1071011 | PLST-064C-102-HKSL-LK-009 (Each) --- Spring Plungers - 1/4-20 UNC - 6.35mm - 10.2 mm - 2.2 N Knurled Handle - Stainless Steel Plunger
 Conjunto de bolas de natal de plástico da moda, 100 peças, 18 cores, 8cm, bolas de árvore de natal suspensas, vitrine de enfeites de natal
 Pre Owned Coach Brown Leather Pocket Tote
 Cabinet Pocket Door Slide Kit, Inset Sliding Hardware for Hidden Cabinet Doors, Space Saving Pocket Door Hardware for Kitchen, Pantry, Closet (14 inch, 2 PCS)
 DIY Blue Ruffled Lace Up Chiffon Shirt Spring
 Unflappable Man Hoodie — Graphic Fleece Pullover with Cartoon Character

● **Goal of the exercise**:
This task calls for each line of the material that contains "Pocket".

● **Exercise result**:
 Pre Owned Coach Brown Leather Pocket Tote
 Cabinet Pocket Door Slide Kit, Inset Sliding Hardware for Hidden Cabinet Doors, Space Saving Pocket Door Hardware for Kitchen, Pantry, Closet (14 inch, 2 PCS)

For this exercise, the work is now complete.